Bouche : S'il y a un peu d'épices et de bois qui composent la première bouche, c'est bien tout cet apport du raisin sec et sucré qui vient recouvrir le tout d'un manteau de sucre liquide. L'aspect chocolaté s'accompagne d'orange confite et globalement de pâtes de fruits.
Finale : De bonne tenue, cette finale va conserver fraîcheur et énergie. Il y a des épices toujours et du boisé qui assèche légèrement. L'aspect raisin se fait moins liquoreux, revient sur son aspect frais et juteux.
Nez : Le dernier, celui qui sur papier rentre le plus dans le rang. Vif, bien fruité, avec un peu de cannelle. Vanille, miel et pomme s'associent de belle manière, pour offrir une bonne expérience, bien gourmande comme il faut. Pour 5 ans, ça ne semble pas manquer de maturité.
Bouche : La bouche est très douce, avec de beaux fruits frais et sucrés, comme la pomme. Pâte d'amandes qui s'exprime pleinement. C'est gras et enveloppant, onctueux. De toutes petites notes de poivre blanc viennent donner un peu le change, c'est un équilibre qui me convient très bien.
Finale : De la pomme fraîche, verte, sans trop d'acidité, mais bien juteuse. Miel et vanille ne se quittent pas jusqu'au bout. Bah rien à dire de plus que c'est bien foutu dans son genre.
August 17th 5Y "Single Cask W04" 3Y Oak Barrel + 2Y Xéres Olorosso 361 Bottles. 43% 70cl.
Avec l'aimable autorisation de www.passionduwhisky.com
Une grosse session de dégustation qui s'achève sur plusieurs constatations.
D'abord le distillat de départ me semble très bon, sans aucun défaut. Ça se remarque essentiellement sur les versions Bourbon et Oloroso je trouve. Nous sommes en terrain connu et il est plus simple de faire des comparaisons avec d'autres produits de cette catégorie.
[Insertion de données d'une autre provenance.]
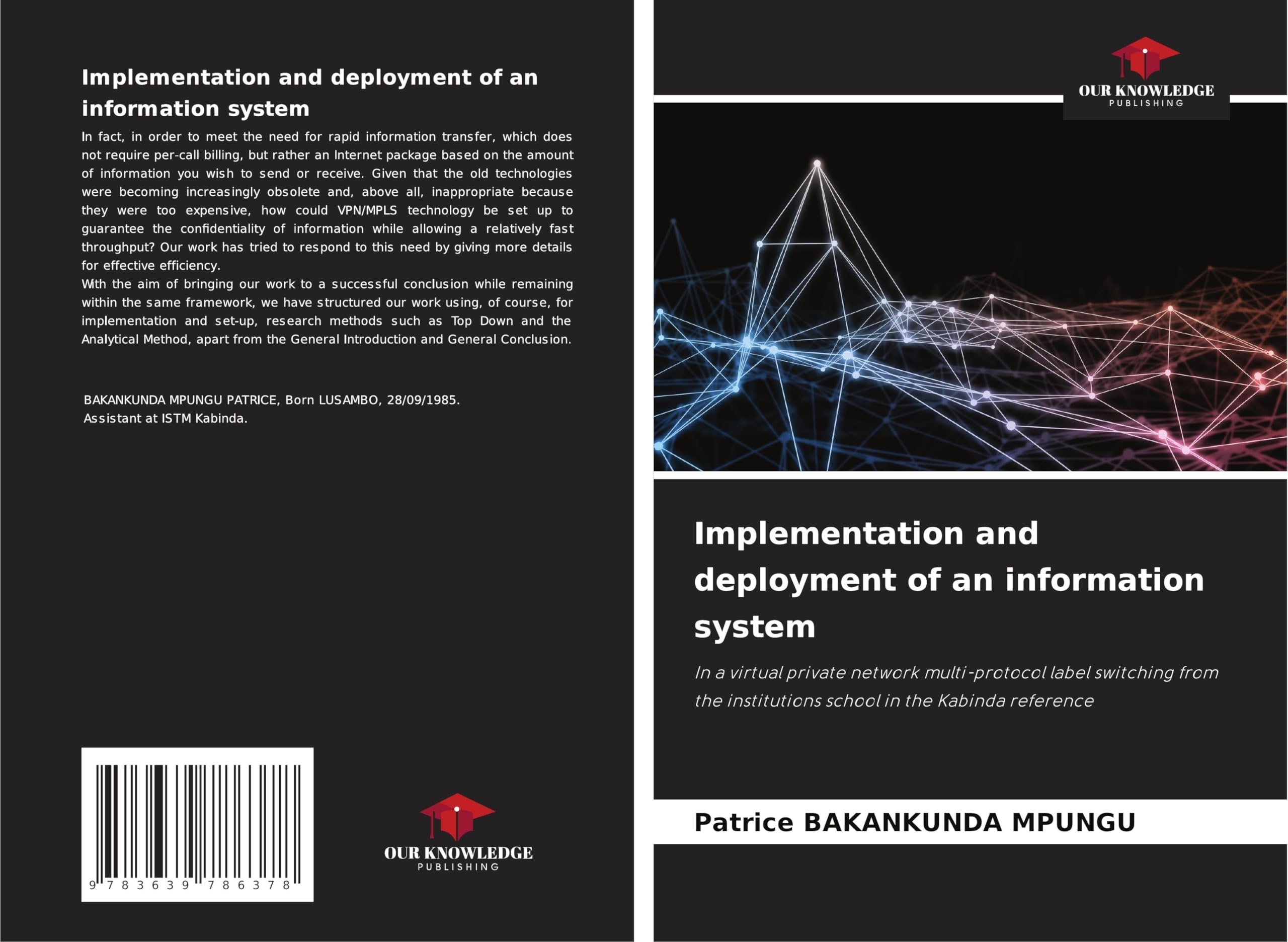 Implementation and deployment of an information system: In a virtual private network multi-protocol label switching from the institutions school in the Kabinda reference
Deuxièmement nous avons 7 produits très différents, qui me font un peu penser à Arran dans ses débuts. Je veux dire que ça va dans toutes les directions et il y aura probablement de petits ajustements qui seront effectués avec le temps et l'expérience. Tout n'est pas à mon goût propre, mais je reconnais un attachement au fait de vouloir développer son propre style et c'est très bien.
Ensuite l'équilibre, qui malgré des choses qui sur papier ne m'attireraient pas du tout est une constante sur toute la gamme, bah bravo pour ça. C'est aussi vrai dans les réductions, qui sonnent très juste.
En bref à suivre, tant dans les futures sorties, que dans le développement de la société, qui devrait définitivement installer ses alambics en Wallonie et ainsi éviter d'être réduite à la boite qui va distiller en France. D'autant que l'utilisation d'un même matériel, d'un même procédé devrait être le signe de la tenue de son style.
Pour conclure, j'ai vraiment besoin de vos avis sur le sujet, si vous avez eu l'occasion de tester cette gamme... Peut-être le week-end dernier à Liège lors du festival whisky.